WORK TO COMPLETE - Reproduce the data below exactly as written. Pictures do not belong in the copy.

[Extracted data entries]
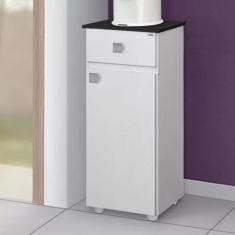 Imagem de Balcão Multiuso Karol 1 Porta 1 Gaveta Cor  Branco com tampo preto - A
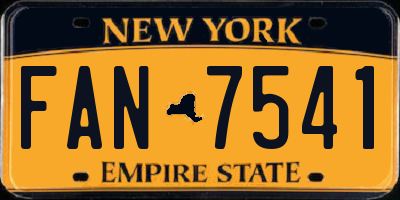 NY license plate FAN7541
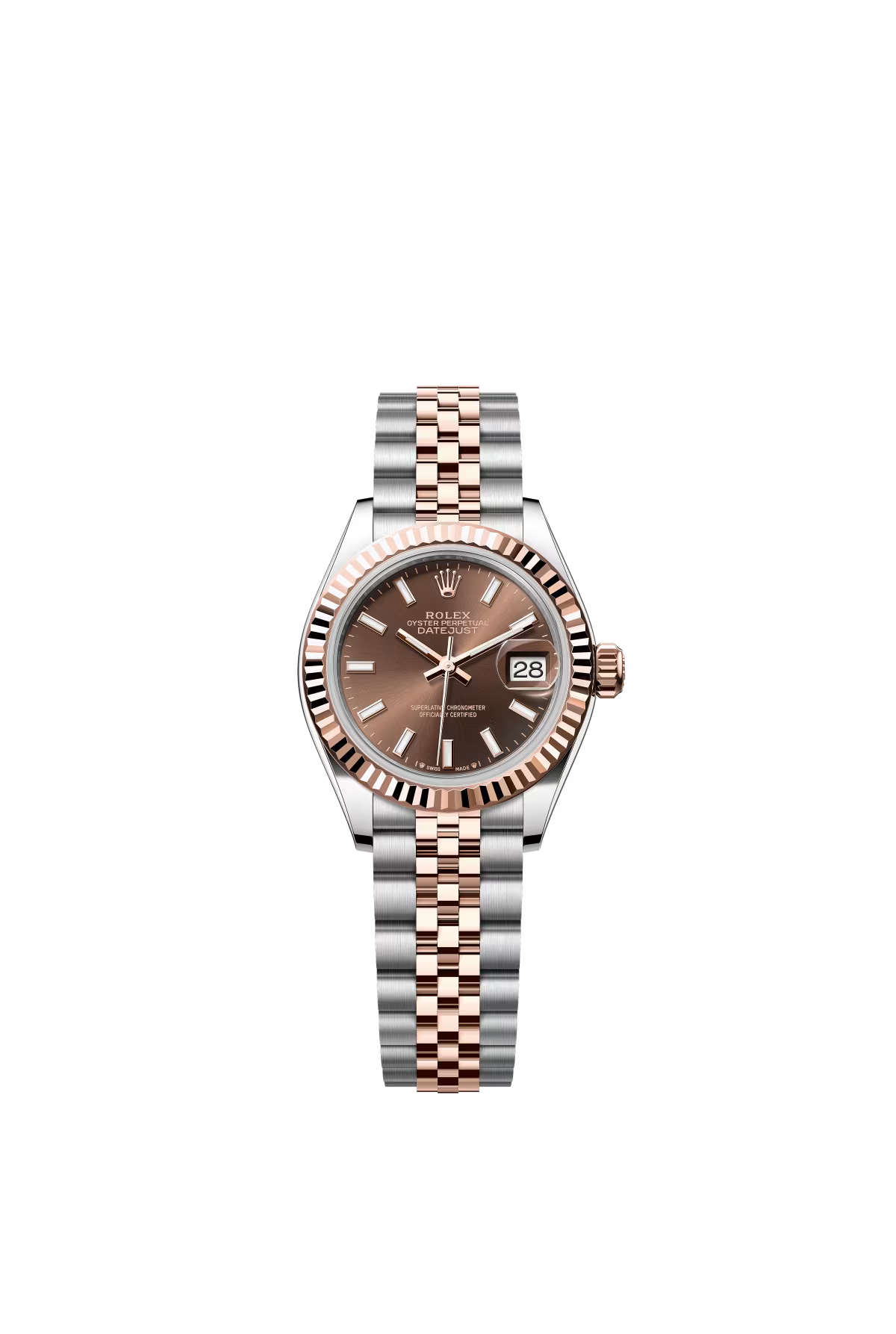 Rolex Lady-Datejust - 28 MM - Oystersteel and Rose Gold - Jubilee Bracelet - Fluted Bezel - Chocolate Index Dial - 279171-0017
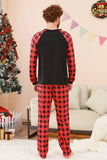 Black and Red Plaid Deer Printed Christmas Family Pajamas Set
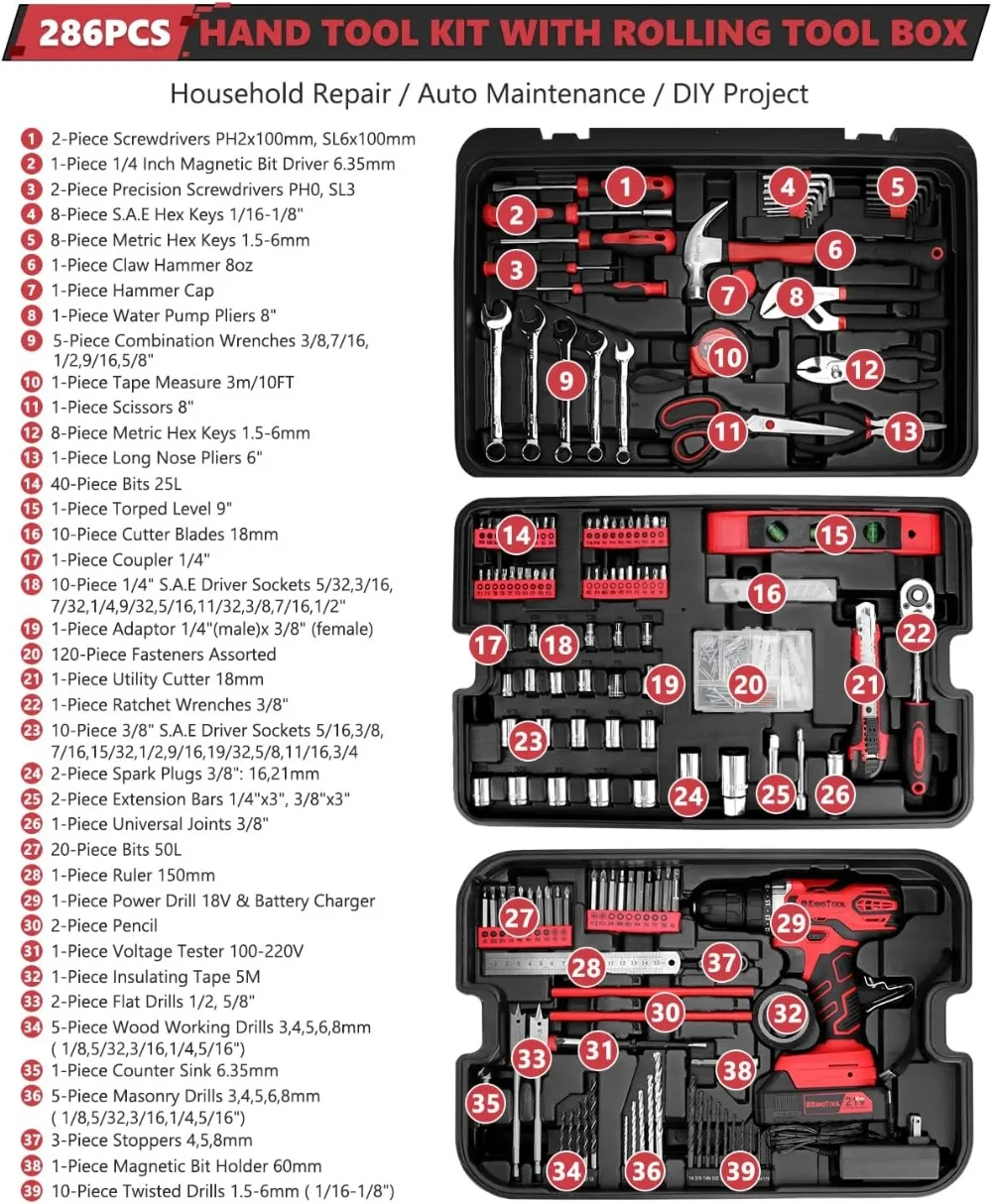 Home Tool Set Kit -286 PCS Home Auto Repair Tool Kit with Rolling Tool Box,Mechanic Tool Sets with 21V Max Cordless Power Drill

SOLUTION -
 Imagem de Balcão Multiuso Karol 1 Porta 1 Gaveta Cor  Branco com tampo preto - A
 NY license plate FAN7541
 Rolex Lady-Datejust - 28 MM - Oystersteel and Rose Gold - Jubilee Bracelet - Fluted Bezel - Chocolate Index Dial - 279171-0017
 Black and Red Plaid Deer Printed Christmas Family Pajamas Set
 Home Tool Set Kit -286 PCS Home Auto Repair Tool Kit with Rolling Tool Box,Mechanic Tool Sets with 21V Max Cordless Power Drill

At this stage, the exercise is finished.